Silence... Joseph écrit...
- Et puis, mon père, ma mère, mes frères, mes oncles et tantes... Ils ont fait d'eux des cadavres, en quelques minutes... Ils vivaient et puis ils ne vivaient plus... C'était simple, c'était horrible... Je sais que cela n'est pas vrai, mais cela paraît aussi facile de tuer deux milles personnes que d'éteindre la lumière... C'est un peu le même geste, jeter une capsule de zyklon B, appuyer sur un interrupteur... C'est aussi froid, mécanique... On voudrait nous faire croire cela, que c'est aussi facile, mais c'est faux, ce n'est pas facile de tuer deux mille personnes d'un coup... Il y faut un savoir-faire, des ingénieurs, des assassins zélés, une bureaucratie dévouée, des infrastructures adéquates, des esclaves pour déblayer les cadavres...
Silence...
- J'entends mon coeur, il bat dans ma poitrine, je ne comprends pas par quelle dérision de Dieu mon coeur bat dans ce charnier qu'est l'Europe aujourd'hui, dans cet espace constellé de stèles à la mémoire des assassinés... Je ne comprends pas que mon corps soit présent, qu'il porte le fait de ma présence, aujourd'hui, après... On vit dans un cimetière... Un cimetière que certains voudraient convivial... Quelle idiotie! 

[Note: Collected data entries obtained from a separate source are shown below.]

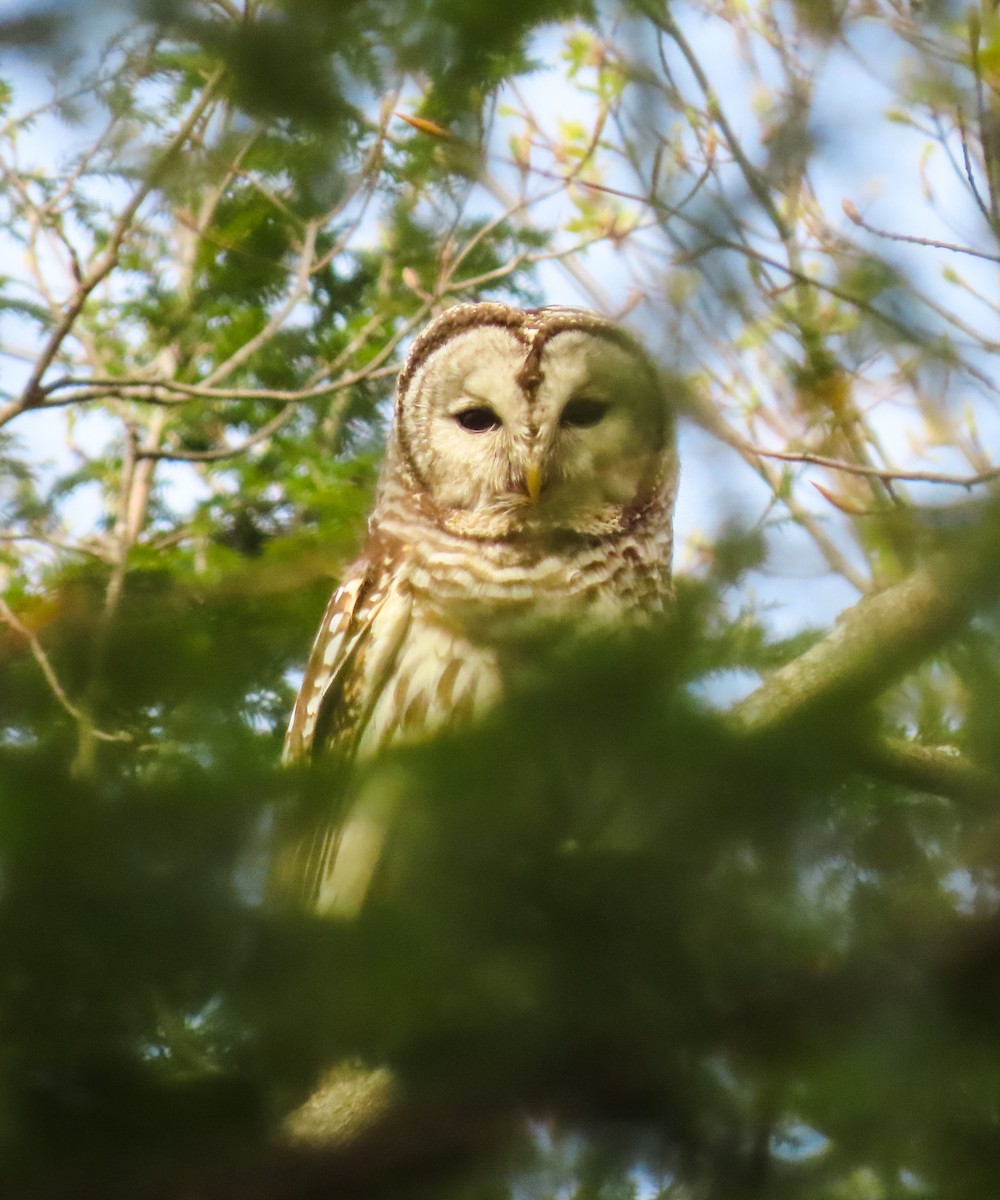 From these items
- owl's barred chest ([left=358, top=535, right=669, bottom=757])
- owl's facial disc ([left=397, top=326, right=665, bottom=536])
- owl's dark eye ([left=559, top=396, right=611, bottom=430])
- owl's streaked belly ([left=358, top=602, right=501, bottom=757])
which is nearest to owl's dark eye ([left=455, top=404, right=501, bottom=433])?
owl's facial disc ([left=397, top=326, right=665, bottom=536])

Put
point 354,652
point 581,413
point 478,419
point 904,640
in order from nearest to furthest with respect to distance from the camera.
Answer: point 904,640 → point 354,652 → point 581,413 → point 478,419

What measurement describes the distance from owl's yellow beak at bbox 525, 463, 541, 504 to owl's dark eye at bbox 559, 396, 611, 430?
6.8 inches

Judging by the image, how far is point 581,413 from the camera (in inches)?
153

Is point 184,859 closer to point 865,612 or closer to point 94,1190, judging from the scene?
point 94,1190

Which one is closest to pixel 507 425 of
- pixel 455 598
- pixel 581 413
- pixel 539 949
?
pixel 581 413

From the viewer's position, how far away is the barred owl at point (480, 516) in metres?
3.63

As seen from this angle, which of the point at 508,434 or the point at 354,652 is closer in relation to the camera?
the point at 354,652

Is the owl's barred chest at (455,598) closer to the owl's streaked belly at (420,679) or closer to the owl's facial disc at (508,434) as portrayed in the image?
the owl's streaked belly at (420,679)

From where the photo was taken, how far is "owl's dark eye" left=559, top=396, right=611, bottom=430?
3754 mm

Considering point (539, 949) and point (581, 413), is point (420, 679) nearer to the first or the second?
point (581, 413)

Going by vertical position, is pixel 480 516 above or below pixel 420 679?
above

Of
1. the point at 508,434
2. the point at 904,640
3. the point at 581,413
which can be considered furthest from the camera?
the point at 508,434

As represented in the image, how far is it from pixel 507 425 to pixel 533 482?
11.6 inches

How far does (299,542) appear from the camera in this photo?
13.2 ft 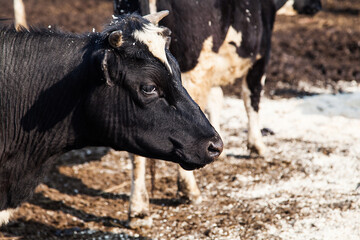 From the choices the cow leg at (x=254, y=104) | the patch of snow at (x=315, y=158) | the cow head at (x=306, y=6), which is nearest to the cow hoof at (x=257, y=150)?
the cow leg at (x=254, y=104)

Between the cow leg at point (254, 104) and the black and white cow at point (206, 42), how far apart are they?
0.17 m

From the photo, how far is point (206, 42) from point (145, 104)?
1.81 meters

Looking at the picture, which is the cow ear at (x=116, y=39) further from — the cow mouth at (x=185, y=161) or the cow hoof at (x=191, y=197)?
the cow hoof at (x=191, y=197)

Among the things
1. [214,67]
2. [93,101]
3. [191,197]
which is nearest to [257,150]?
[191,197]

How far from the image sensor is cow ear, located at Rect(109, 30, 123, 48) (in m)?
3.05

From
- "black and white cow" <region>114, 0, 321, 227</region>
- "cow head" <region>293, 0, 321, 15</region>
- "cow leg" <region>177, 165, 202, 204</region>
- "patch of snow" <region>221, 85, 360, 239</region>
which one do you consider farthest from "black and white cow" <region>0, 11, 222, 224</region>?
"cow head" <region>293, 0, 321, 15</region>

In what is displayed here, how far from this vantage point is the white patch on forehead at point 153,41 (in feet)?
10.4

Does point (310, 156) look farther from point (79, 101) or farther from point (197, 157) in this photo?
point (79, 101)

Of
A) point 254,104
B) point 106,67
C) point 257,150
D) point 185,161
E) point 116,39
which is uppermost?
point 116,39

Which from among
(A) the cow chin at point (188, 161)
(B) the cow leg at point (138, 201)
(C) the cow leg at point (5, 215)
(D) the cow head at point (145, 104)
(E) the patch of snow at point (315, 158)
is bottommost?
(E) the patch of snow at point (315, 158)

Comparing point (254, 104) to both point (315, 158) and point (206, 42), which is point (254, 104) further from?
point (206, 42)

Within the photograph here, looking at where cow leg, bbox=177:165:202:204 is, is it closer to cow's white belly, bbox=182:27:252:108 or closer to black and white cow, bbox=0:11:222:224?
cow's white belly, bbox=182:27:252:108

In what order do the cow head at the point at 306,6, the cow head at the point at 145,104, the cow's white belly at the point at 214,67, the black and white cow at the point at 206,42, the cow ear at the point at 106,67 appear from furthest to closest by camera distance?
the cow head at the point at 306,6 → the cow's white belly at the point at 214,67 → the black and white cow at the point at 206,42 → the cow head at the point at 145,104 → the cow ear at the point at 106,67

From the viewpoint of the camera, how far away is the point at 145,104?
3.24 m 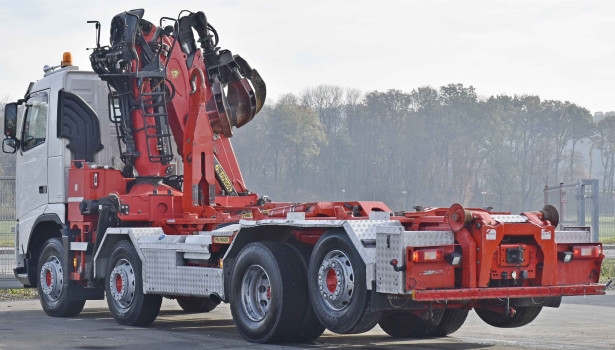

Silence... Joseph n'écrit plus... Il écoute, les yeux mi-clos...
- J'en ai assez de vivre. J'en ai assez de me réveiller en sueur la nuit. J'entends des cris, j'entends des cris derrière les murs. 
Silence...
- J'en ai assez de voir ma soeur tous les dimanches à la cafétéria... On ne se parle plus... Depuis que Sébastien, son mari, est mort, on ne se parle plus... On est comme des morts-vivants, on attend... on attend qu'on vienne nous chercher...  
Silence...
- Je pense à ce tableau de David Olère, Gazage.
Silence...
- Il m'arrive de passer du temps à le regarder. Il y a un bébé, en bas à droite, juste au dessus de la capsule de zyklon... J'ai chaque fois l'impression que c'est moi, ce bébé, c'est moi qui hurle dans les bras de maman, juste avant de mourir... J'en suis resté là... Toute ma vie, je suis resté ce nourrisson qui hurle dans une chambre à gaz, en même temps que la foule, je hurle et je meurs... Je vis ce moment, chaque jour, impuissant, blotti contre le sein de ma mère, je hurle alors qu'on nous assassine, qu'on se débarrasse de nous comme des poux...
Monsieur Steiner pleure... Joseph se tait, il aimerait dire quelque chose mais rien ne lui vient.
- Je répète toujours la même chose... J'ai soixante-huit ans et je répète toujours la même chose. Je suis désolé... Est-ce qu'il y a une place pour moi en ce monde?
- Oui, est-ce qu'il y a une place? répète Joseph en se levant... A jeudi?
- Oui, à Jeudi, répond Monsieur Steiner en se levant à son tour.